Decelerating. The midpoint of $2.30 billion implies 6.3% YoY growth, a sharp slowdown from the 13.9% total growth achieved in FY25. This reflects the annualization of the 2025 M&A block and a return to the company's core 'low single-digit volume, ~3% rate' growth algorithm.

FY26 Adjusted EBITDA$450 million to $470 million

Decelerating growth rate, but Stable margins. The midpoint of $460 million implies 6.5% YoY growth, down from 14.6% growth in FY25. The implied margin at the midpoint is exactly 20.0%, perfectly flat with FY25's actual performance.

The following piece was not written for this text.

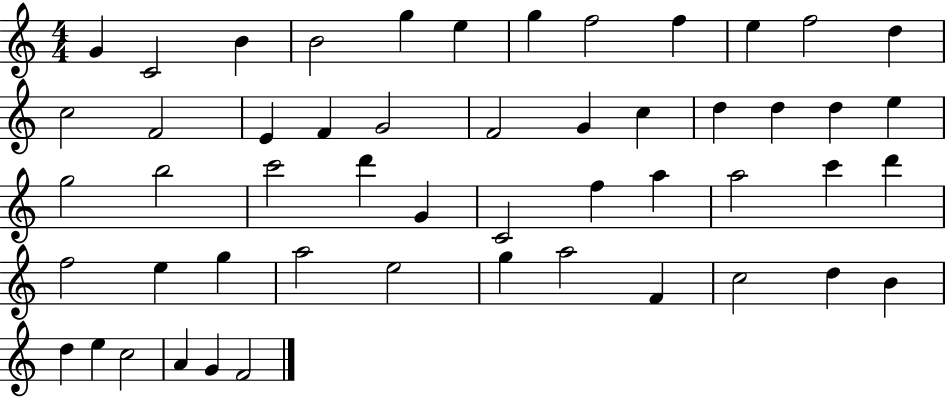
G4/q C4/h B4/q B4/h G5/q E5/q G5/q F5/h F5/q E5/q F5/h D5/q C5/h F4/h E4/q F4/q G4/h F4/h G4/q C5/q D5/q D5/q D5/q E5/q G5/h B5/h C6/h D6/q G4/q C4/h F5/q A5/q A5/h C6/q D6/q F5/h E5/q G5/q A5/h E5/h G5/q A5/h F4/q C5/h D5/q B4/q D5/q E5/q C5/h A4/q G4/q F4/h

FY26 Free Cash Flow$200 million to $225 million

Accelerating. The midpoint ($212.5M) implies ~7.4% growth over FY25's $197.8 million. Driven by lower one-time M&A capital expenditures and reduced interest expenses as the company actively pays down its debt load.

Key Questions

Organic Volume Trajectory

Organic revenue growth decelerated from 10.6% in Q3 to 6.2% in Q4. How much of this was a normalization in Employer Services versus a softening in core Workers' Comp visit volumes?

Margin Expansion Levers

Your FY26 guidance implies flat Adjusted EBITDA margins at 20.0%. With Nova synergies largely captured and a $15M cash tax benefit from legislation expected, what is offsetting potential margin expansion next year?

Onsite Clinic Unit Economics

With the Pivot integration complete, how do the gross margins and cash flow conversion characteristics of the Onsite Health segment compare to the legacy Occupational Health Centers?